SNCU ↔ SNC Uitzendbureau B.V.
RECHTBANK DEN HAAG
Team kanton Den Haag
smk
Zaaknummer: 3006948/14-12613
Vonnis in de zaak van:
Stichting Naleving CAO voor Uitzendkrachten
eisende partij
tegen
1. SNC Uitzendbureau B.V.
2. XXX
gedaagde partij
Verloop van de procedure
Eisende partij heeft gevorderd zoals beschreven in de dagvaarding, waarvan een gewaarmerkt afschrift aan dit vonnis is gehecht en waarnaar wordt verwezen voor wat betreft de namen en woonplaatsen van partijen en de namen van gemachtigde(n). Gedaagde partij is daarop niet verschenen en heeft ook anderszins niet gereageerd. De voorgeschreven termijnen en formaliteiten zijn in acht genomen. Tegen gedaagde partij is daarom verstek verleend.

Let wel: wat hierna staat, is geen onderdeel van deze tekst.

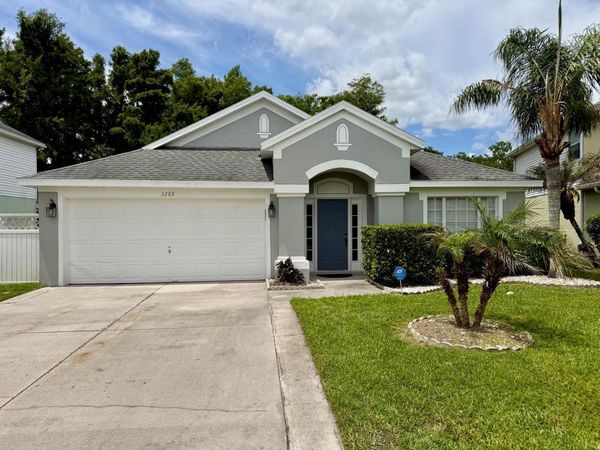 KISSIMMEE, FL 34741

Beoordeling van het geschil
De vordering komt de kantonrechter niet onrechtmatig of ongegrond voor, zodat deze bij verstek wordt toegewezen als hierna te vermelden, met dien verstande dat de dwangsom zal worden gematigd als hierna vermeld.
Beslissing
De kantonrechter,
1. veroordeelt gedaagde sub 1 tot naleving van de CAO voor de Uitzendkrachten en de CAO Sociaal Fonds voor de Uitzendbranche indien en voor zover deze algemeen verbindend zijn verklaard, op straffe van een dwangsom van € 1.000,00, met een maximum van € 30.000,00, voor iedere dag dat zij daarmee vanaf twee weken na betekening van dit vonnis in gebreke is;
2. veroordeelt gedaagde sub 1 tot het verlenen van medewerking aan het CAO-onderzoek, door telefonisch contact op te nemen met VRO teneinde een controle ter plaatse in te plannen, op straffe van een dwangsom van € 1.000,00, met een maximum van € 30.000,00, voor iedere dag dat zij daarmee vanaf twee weken na betekening van dit vonnis in gebreke is;
3. veroordeelt gedaagde partij hoofdelijk, des dat de een betalende de ander zal zijn bevrijd, om tegen bewijs van kwijting aan de eisende partij te betalen de som van € 102.147,75 als schadevergoeding vermeerderd met de wettelijke rente over € 102.147,75 vanaf de dag der dagvaarding tot de dag der voldoening;
4. veroordeelt gedaagde partij hoofdelijk in de kosten van het geding, tot hiertoe aan de zijde van de eisende partij vastgesteld op € 1.727,80, waaronder € 700,00 als vergoeding voor de gemachtigde van de eisende partij, te vermeerderen met de door eisende partij gemaakte advertentiekosten;
5. verklaart dit vonnis uitvoerbaar bij voorraad;
6. wijst af het meer of anders gevorderde.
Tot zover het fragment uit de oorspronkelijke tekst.